9.  If I was keeping it real, I would tell you I’m disgusted with how much weight I’ve gained in the last two years.  I busted my backside to lose all of the baby weight from the last child (without picking up smoking again), gave all of my “big girl” clothes away and swore that I would never go back.  And I did.  I’ve stress eaten 40 pounds back on my frame and I’m repulsed when I look at myself in the mirror.  I hate getting dressed for a function because I feel awful in everything I put on.  I’m sick of shape wear now being an everyday thing so I don’t look awful in everything I put on.  The clothes I bought in March to wear to BlogHer in July didn’t fit and I had to get the next size up.  I blame everything for it – stress, the kids, my job, the state of my life – but the truth is that I have no idea how to stop shoving food in my mouth.  I’m embarrassed to go back to the workout studio that I love because I don’t fit in to my workout clothes.  It’s now become the thing that I do because I am unhappy.  I keep telling myself at this point, what’s one more cookie going to hurt?  I’ve stopped getting on the scale every morning because I’m scared of what the number will say.  The last time I weighed this much, I was growing a person.  She’s turning five in 8 days, so I really can’t call it baby weight anymore.

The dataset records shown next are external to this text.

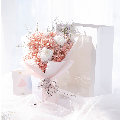 ピンク花+ホワイト袋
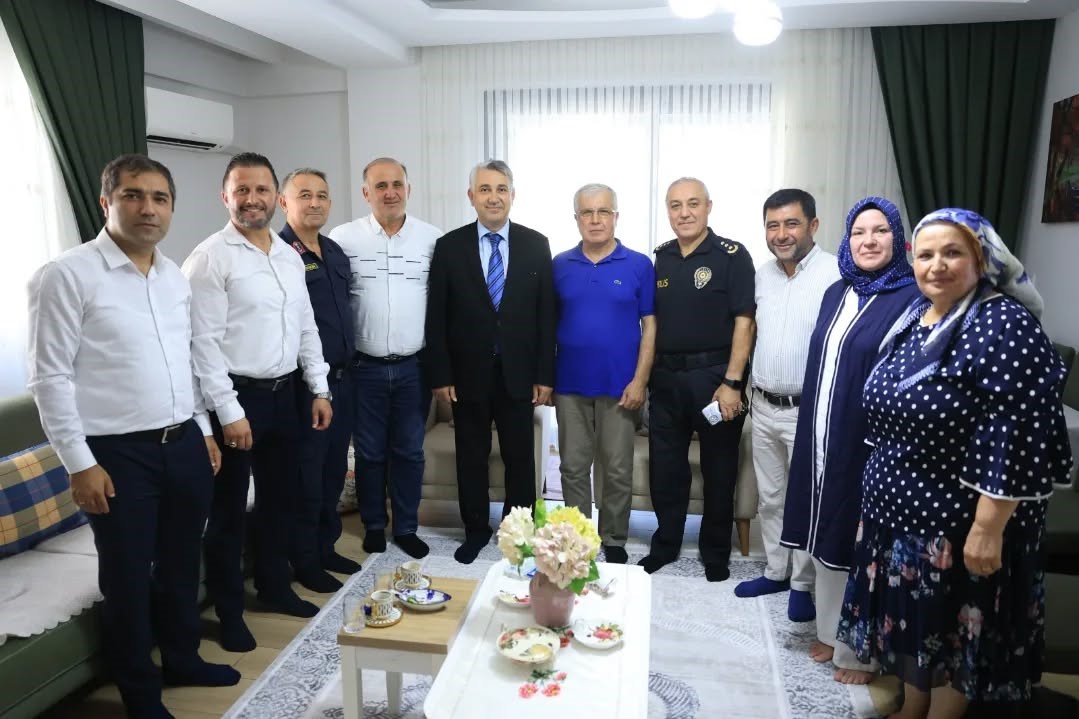 İncirliova protokolü gazi Çalışkan’ı unutmadı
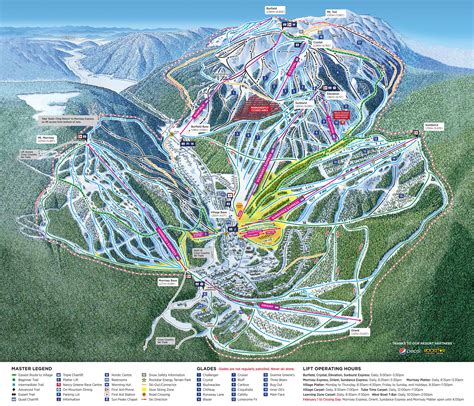 Sun Peaks Resort Trail Map | SkiCentral.com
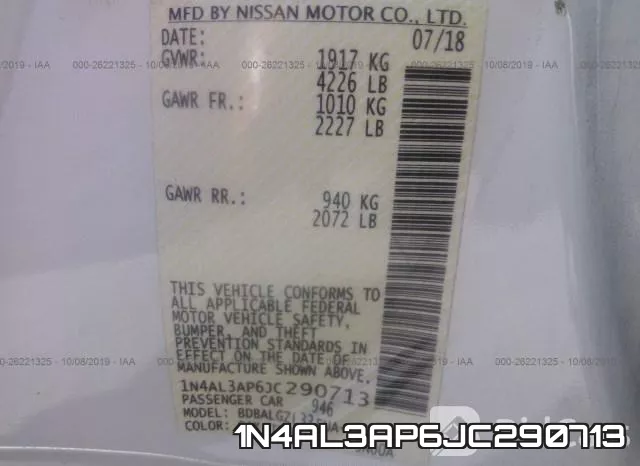 1N4AL3AP6JC290713 фото 10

10.  If I was keeping it real, I would tell you that I am petrified of publishing this piece.  Afraid of the judgement.  The backlash of being honest about how I feel.  That people will look at me differently.  Despite my constant protests of not giving a damn about what others think of me, I do care.  Probably too much.  But if you are reading this, I found the strength to press the “Publish” button and I’m probably sitting in a corner somewhere, cringing at the thought.  I managed to rip the band-aid off and show you the ugly wound underneath and I will try to take a moment to be proud of myself.  It’s damn scary.

What would you say if you were keeping it real?